Reproducimos las palabras de Monseñor Oscar Ojea del 2 de Septiembre de 2006, cuando recibiera su ordenación episcopal:
Al recibir el don del Espíritu Santo por la imposición de las manos, para servir a la Iglesia en el ministerio episcopal, quiero agradecer con ustedes al Señor el estar más íntimamente unido al Corazón del Buen Pastor y poder acompañar desde allí a cada hermano en su camino, ofreciéndole la cercanía de su Presencia y de su Amor Misericordioso.
Agradezco al Santo Padre su confianza al designarme y la confianza de nuestro obispo, el Cardenal Bergoglio, que me llama para ayudarlo en su tarea pastoral. A mis hermanos en el episcopado, cuya presencia pone de manifiesto el misterio de la
comunión y la colegialidad en la Iglesia. En particular a Monseñor José Gentico, que está unido espiritualmente a esta celebración con auténtico cariño de hermano. Agradezco especialmente a mis hermanos sacerdotes, de quienes he recibido tantos gestos de afecto, de amistad fraterna y de apoyo en la oración, en particular a aquellos con quienes he compartido la alegría del trabajo ministerial en las distintas parroquias. A los seminaristas que se preparan con esperanza para vivir esta fraternidad sacramental en el presbiterio. El Señor, “que no se deja vencer en generosidad”, me ha regalado muchísimos bienes en mi vida y yo ahora, cerca de los sesenta años, experimento el llamado de dar y compartir, del mejor modo y con renovado espíritu de servicio, lo que he recibido por pura gracia.
Le agradezco en primer lugar el bien de mi familia. Mis padres murieron jóvenes, pero dejaron a mis hermanos y a mí el testimonio de un amor y entrega totales. Esta herencia se continúa en el cariño, el respeto y la amistad que vivimos con mis hermanos y cuñados, se ha enriquecido con la presencia de los sobrinos y se ha hecho sabiduría de cruz cuando nos ha tocado acompañarnos en silencio en la hora del sufrimiento.
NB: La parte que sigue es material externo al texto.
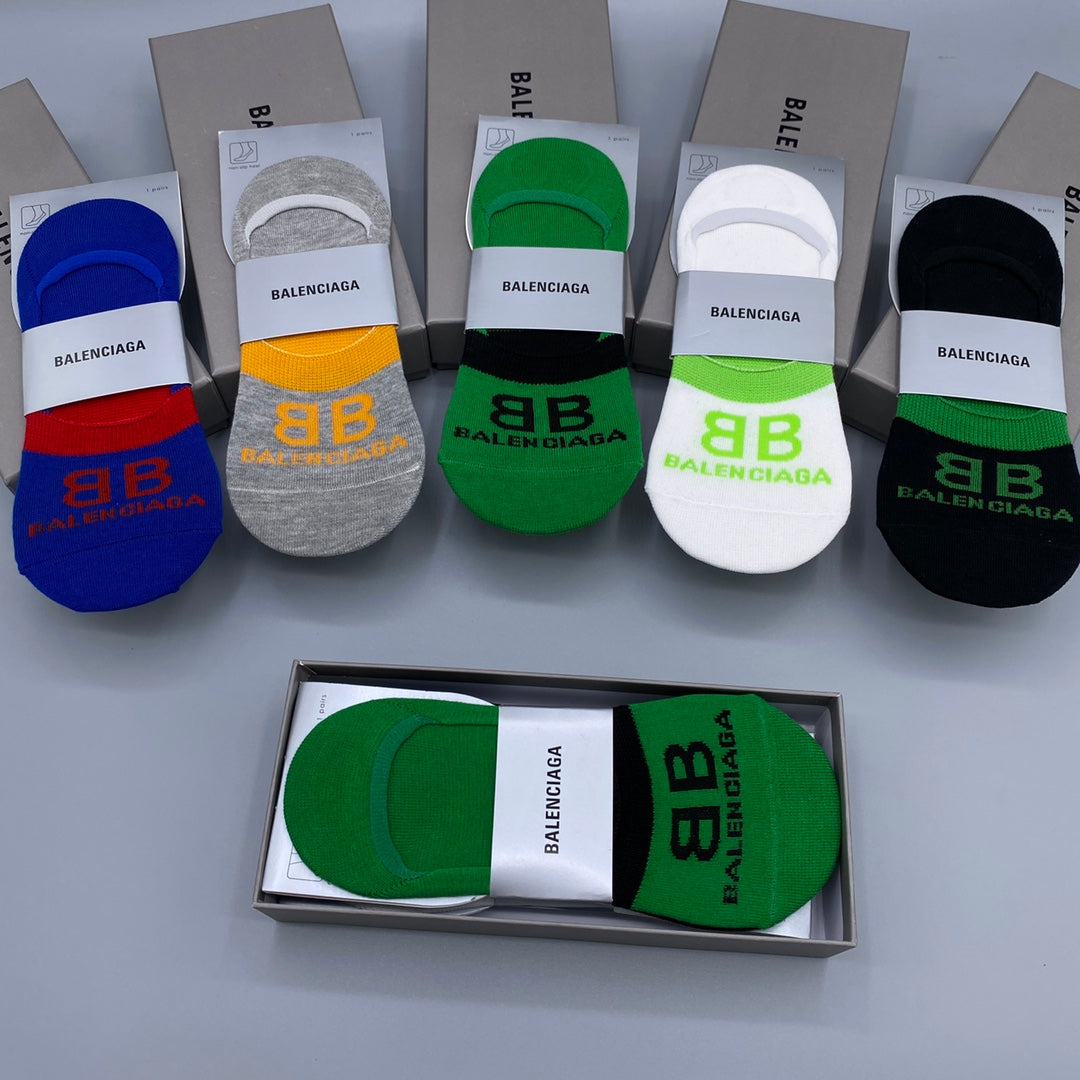 Balenciaga Visible Logo, Stripe Or Motif Details No-Show Socks - 5-Pair Set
He tenido el privilegio de recibir testimonios de vida sacerdotal imborrables, que han dejando marcas muy hondas en mi vida: el padre Enrique Quarleri, que fue mi confesor durante 25 años; el padre Esteva, que me acompañó durante el seminario con su fidelidad paternal; el padre Tello, que estuvo presente en momentos claves y decisivos de mi vida; la calidez pastoral de Monseñor Serra, padre y amigo cuyos restos descansan en esta Iglesia Catedral junto con los de quienes fueron mis obispos; y la presencia del hoy Siervo de Dios Cardenal Pironio, que me recibiera en el seminario siendo rector, con su alegría contagiosa y su capacidad de comunicar el don de la paz a quienes estábamos cerca de él. Los grandes bienes recibidos en el seminario por mis formadores, en particular del padre Albisetti, que transmitía mucho en pocas palabras, y por los profesores de la facultad de Teología, que animados por el espíritu de apertura del padre Gera, estuvieron siempre cercanos y disponibles para escuchar y acompañar.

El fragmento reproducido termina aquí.